Le présent : le scientifique et David
Ouverture pop sur une image noire avec en son centre un gros point lumineux bleu. Jorge Jácome prend le parti d’immerger immédiatement son spectateur dans une sorte d’hypnose lancinante. Les vibrations lumineuses de ce point isolé surprennent le regard et interrogent sur la nature de l’objet devant lequel nous sommes. La clé de ce mystère est assez rapidement donnée : cette masse ronde n’est autre que la représentation imagée de la planète Pluton.
À partir de là, très rapidement, le réalisateur expose frontalement les bases du récit, sans doute pour ne pas s’embarrasser d’amas de figures de style dans un film déjà très complexe et foisonnant de propositions tant visuelles qu’attrayantes au récit.
Dans les premières minutes, on comprend que l’on a affaire à deux protagonistes, l’un étant incarné par une voix off masculine, l’autre étant un jeune homme, David, filmé face caméra dans une posture fixe. Le dispositif du film ainsi exposé, le réalisateur déroule son récit sous une forme d’entretien, presque formel, entre les deux hommes : la voix interroge et s’interroge, là où David répond et se replonge dans une histoire d’amour passée.
Le passé : Pluton et Joana
Le principe étant ainsi posé, le réalisateur tricote une histoire qui entremêle deux désespoirs. Celui du narrateur-voix off, un scientifique qui a travaillé tout sa vie pour mieux connaître Pluton mais dont tous les espoirs ont été déchus un jour d’août 2006 où la planète a perdu son existence en étant déclassée par la communauté scientifique; et celui de David qui a aimé et partagé un long temps de sa vie avec Joana, son ancienne petite amie.
Jorge Jácome traite en parallèle ces deux vies dont les chemins coïncident en un sentiment commun : une profonde déception. Il s’agit là d’une crise de confiance en soi, du constat du caractère faillible de la mémoire et des souvenirs. Ici, cette crise est incarnée dans le ressenti exprimé par David et la voix off.
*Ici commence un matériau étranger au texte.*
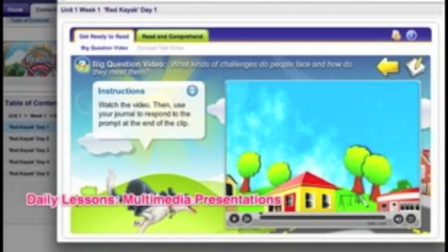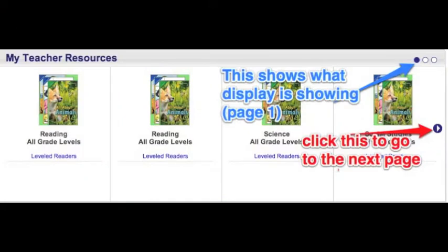I look forward to seeing the gains students make in the district this year with each classroom using common language arts assessments and curriculum. Here's a snapshot of a few of these new resources. There have been a couple of changes to the interface as teachers log in to Pearson SuccessNet — don't worry, no products have disappeared; in fact, many have been added.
Une planète, qui n’en est plus une, se confond avec le souvenir d’une amante perdue, et ces deux entités deviennent petit à petit des inconnues qui perdent leurs substances.
Face à un sujet aussi cinématographique que la mémoire, déjà si brillamment traité par des maîtres du cinéma, Jorge Jácome prend en quelque sorte un contre-pied en choisissant de se focaliser non sur le souvenir mais bien sur la volonté d’oubli. Les personnages acceptent que les choses ne soient plus. Oublier est ici une solution pour quitter un état de déception et de tristesse.
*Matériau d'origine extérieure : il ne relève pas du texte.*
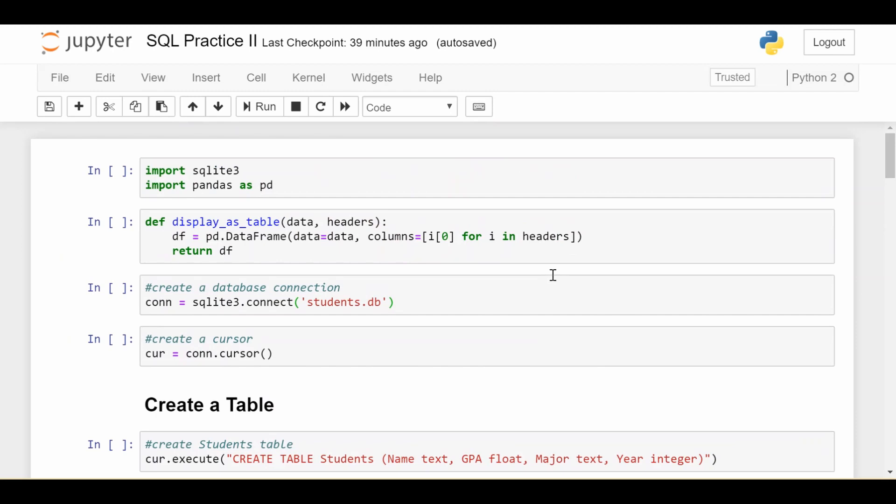Hey, welcome back, everyone. So we're going to continue our exploration of SQL. And up until now, we've been talking about if I have an existing table or a couple of existing tables, how do I extract data from those tables?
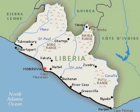The landscape is characterized by mostly flat to rolling coastal plains that contain mangroves and swamps, which rise to a rolling plateau and low mountains in the northeast.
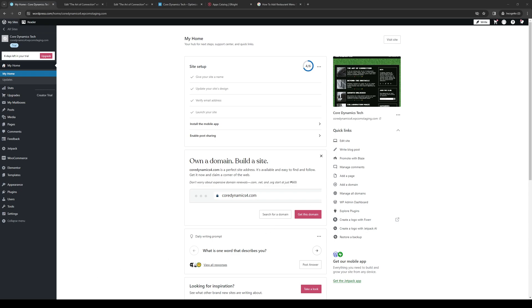Hey everyone, and welcome back to the channel. So in today's video, I'll be teaching you guys how to add a restaurant menu as a widget or plugin for your Elementor page, or I should say your WordPress website, using the Elementor plugin from scratch. So without further ado, let's dive right in.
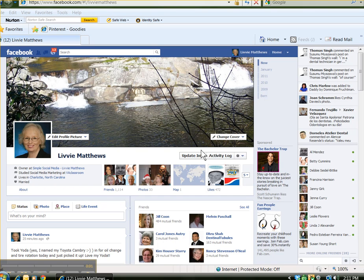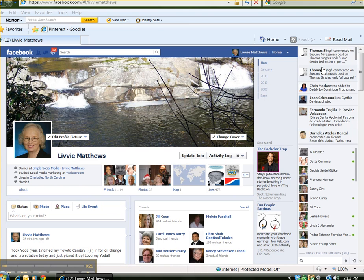Hi, this is Libby Matthews with Simplesocialmedia.tv with a quick video tip on how to remove the Facebook ticker. The Facebook timeline that they've introduced is very inclusive and extensive into what information shows. And then you add to that the right sidebar that has the ticker that streams down posts and comments and photos all the time while you're on Facebook. And you have your contacts right underneath that, which can make it kind of distracting.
À l’image, quand le personnage de David évoque les souvenirs qu’il a de sa relation avec Joana, le réalisateur opère des choix de mise en scène assez prégnants qui appuient sur l’expression des souvenirs de David. Avant qu’il ne rencontre Joana, il est plongé dans l’obscurité, enfermé dans le cadre et filmé à travers des vitres, comme emprisonné dans un aquarium. À l’inverse, les apparitions de Joana apportent la lumière et sont une ouverture sur le monde. Jorge Jácome oppose aux images solaires et vives du récit de l’amour, des impressions visuelles de pénombre, d’isolement, de trouble quant il s’agit de la fin de leur histoire. Les lignes sont plus fuyantes, les couleurs ternies.
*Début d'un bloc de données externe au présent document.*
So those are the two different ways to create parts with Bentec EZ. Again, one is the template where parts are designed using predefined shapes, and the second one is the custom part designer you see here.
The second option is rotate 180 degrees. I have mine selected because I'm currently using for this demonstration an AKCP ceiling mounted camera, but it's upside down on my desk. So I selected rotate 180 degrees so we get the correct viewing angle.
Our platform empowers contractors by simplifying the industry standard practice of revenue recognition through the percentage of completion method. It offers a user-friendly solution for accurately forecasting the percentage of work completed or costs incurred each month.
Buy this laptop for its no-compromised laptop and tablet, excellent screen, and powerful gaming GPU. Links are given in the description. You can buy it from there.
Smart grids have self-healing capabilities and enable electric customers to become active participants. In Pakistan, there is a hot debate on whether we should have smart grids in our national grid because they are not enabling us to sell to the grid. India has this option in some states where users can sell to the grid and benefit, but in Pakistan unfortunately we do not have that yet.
Plusieurs fois dans le récit, le réalisateur passe, sans réelle transition, entre ces moments de souvenirs d’amour de David aux souvenirs du scientifique sur Pluton. On passe alors en vue subjective sur un bureau qui porte les traces du travail de toute une vie sur Pluton.
Le futur : Tabula rasa
Le film se termine ainsi sur l’abandon des marques du passé. Les gestes sont les mêmes pour le scientifique que pour l’amoureux : là où l’un constate la disparition d’une planète sur les manuels et les cartes du ciel, l’autre se sépare des photos du sujet de son amour. Les deux ont été ébranlés dans leurs certitudes, et confrontés au changement.
La voix off résumera ce passage d’un état à un autre : « Les affiches des salles de classe et des boutiques des musées ont été remplacées, de nouveaux objets comme Pluton continueront à apparaître. Nous allons nous habituer à cette idée, comme s’estompe peu à peu de la mémoire celle d’un ancien amour. Le temps passe et nous espérons aller vers de nouveaux horizons ».
« Plutão » laisse une impression de vides à combler, celle d’un film à maturer pour bien comprendre le propos dense et un peu confus qui nous est exposé. Pour autant, il se produit au visionnage une impression forte, une sensation de toucher à quelque chose d’assez universel. Un moment de cinéma à part, peut-être un peu fragile dans la réalisation, mais qui laisse apercevoir le talent de ce jeune réalisateur attiré par les étoiles.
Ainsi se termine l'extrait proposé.